**Assigned task:** Nothing but the lines from the one with "У Біляївці висадили" through the end of the material should be retyped, word for word and without pictures.

**Dataset section:**

---

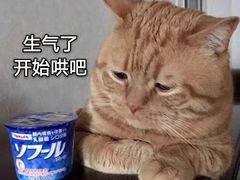 -万达影城(锦华万达广场IMAX店)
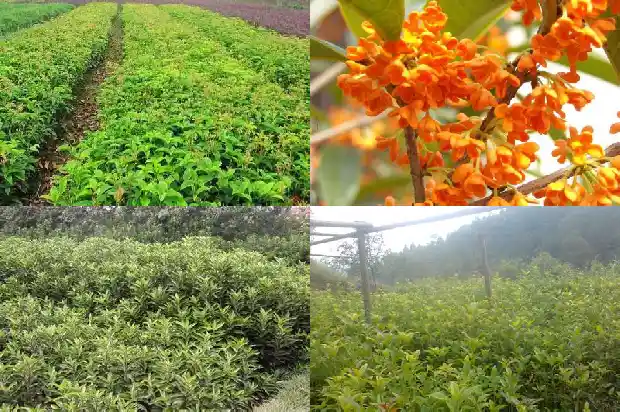 桂花怎么减枝1681522540124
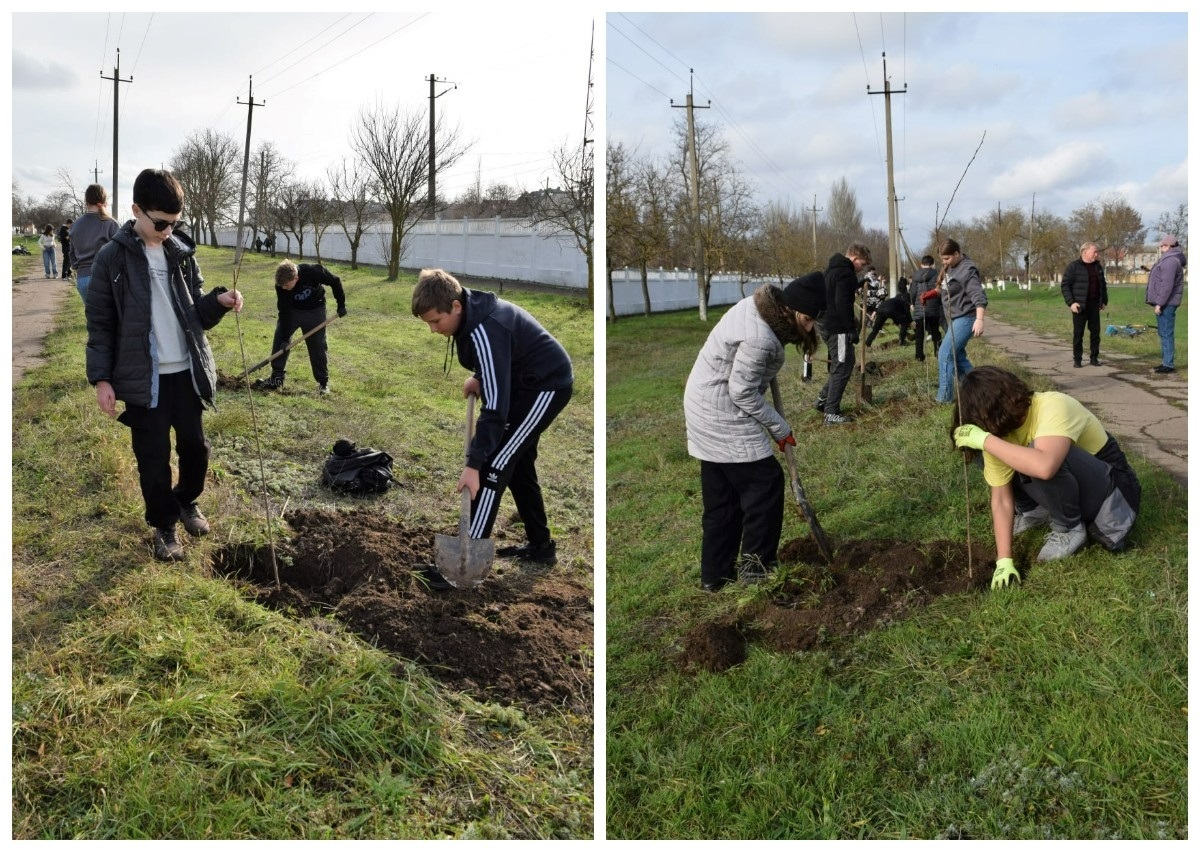 У Біляївці висадили Алею сакур: 50 нових дерев прикрасили місто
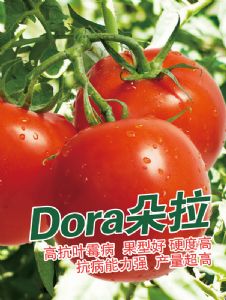 供应朵拉—番茄种子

---

**Task solution:**
 У Біляївці висадили Алею сакур: 50 нових дерев прикрасили місто
 供应朵拉—番茄种子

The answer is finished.